» Problem details:
Copy, word for word, the lines of the entries below between the one with "Tony Gwynn 1990" and the one with "Женские кроссовки для", inclusive, and leave out everything else.

» Provided entries:
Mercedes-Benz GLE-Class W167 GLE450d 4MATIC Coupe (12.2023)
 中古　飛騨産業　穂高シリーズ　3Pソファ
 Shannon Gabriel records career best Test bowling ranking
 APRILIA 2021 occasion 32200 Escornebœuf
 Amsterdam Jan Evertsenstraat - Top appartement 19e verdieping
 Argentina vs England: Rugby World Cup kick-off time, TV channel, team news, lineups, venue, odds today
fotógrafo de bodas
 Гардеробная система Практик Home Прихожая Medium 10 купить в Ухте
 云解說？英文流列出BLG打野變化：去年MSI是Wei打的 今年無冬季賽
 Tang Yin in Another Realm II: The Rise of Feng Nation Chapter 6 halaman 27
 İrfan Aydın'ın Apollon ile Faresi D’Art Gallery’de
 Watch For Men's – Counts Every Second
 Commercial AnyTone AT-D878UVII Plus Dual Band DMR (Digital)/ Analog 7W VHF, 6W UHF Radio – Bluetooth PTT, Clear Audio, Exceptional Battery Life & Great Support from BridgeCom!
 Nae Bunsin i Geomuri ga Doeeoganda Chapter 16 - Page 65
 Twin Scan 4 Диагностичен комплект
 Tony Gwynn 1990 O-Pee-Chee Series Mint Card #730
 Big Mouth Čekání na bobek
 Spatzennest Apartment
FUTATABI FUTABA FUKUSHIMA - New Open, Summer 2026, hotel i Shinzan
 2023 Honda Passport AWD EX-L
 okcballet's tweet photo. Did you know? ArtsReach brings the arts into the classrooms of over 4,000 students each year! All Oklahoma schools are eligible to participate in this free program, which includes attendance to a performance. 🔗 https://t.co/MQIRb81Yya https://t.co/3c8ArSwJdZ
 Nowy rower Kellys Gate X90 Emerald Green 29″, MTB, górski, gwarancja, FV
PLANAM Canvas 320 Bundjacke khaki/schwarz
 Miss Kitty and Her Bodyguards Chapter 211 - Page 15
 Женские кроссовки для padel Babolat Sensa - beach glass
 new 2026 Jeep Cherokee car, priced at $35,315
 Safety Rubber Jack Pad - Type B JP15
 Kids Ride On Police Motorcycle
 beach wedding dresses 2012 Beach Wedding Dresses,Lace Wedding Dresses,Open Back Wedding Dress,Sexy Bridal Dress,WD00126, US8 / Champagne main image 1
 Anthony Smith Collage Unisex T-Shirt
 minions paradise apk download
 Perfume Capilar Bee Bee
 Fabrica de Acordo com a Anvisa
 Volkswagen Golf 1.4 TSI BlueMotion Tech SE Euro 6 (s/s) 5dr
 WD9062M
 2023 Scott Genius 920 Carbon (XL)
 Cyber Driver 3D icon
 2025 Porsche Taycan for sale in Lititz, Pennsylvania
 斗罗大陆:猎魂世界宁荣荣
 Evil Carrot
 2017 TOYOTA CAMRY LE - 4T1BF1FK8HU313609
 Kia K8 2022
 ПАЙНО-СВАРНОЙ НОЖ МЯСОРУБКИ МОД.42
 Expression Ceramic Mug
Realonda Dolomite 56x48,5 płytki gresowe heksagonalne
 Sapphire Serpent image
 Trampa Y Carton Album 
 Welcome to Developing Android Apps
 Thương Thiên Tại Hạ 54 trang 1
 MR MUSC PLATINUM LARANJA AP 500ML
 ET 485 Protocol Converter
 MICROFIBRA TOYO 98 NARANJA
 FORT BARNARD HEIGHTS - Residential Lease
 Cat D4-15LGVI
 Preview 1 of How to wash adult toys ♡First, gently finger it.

» Answer below:
 Tony Gwynn 1990 O-Pee-Chee Series Mint Card #730
 Big Mouth Čekání na bobek
 Spatzennest Apartment
FUTATABI FUTABA FUKUSHIMA - New Open, Summer 2026, hotel i Shinzan
 2023 Honda Passport AWD EX-L
 okcballet's tweet photo. Did you know? ArtsReach brings the arts into the classrooms of over 4,000 students each year! All Oklahoma schools are eligible to participate in this free program, which includes attendance to a performance. 🔗 https://t.co/MQIRb81Yya https://t.co/3c8ArSwJdZ
 Nowy rower Kellys Gate X90 Emerald Green 29″, MTB, górski, gwarancja, FV
PLANAM Canvas 320 Bundjacke khaki/schwarz
 Miss Kitty and Her Bodyguards Chapter 211 - Page 15
 Женские кроссовки для padel Babolat Sensa - beach glass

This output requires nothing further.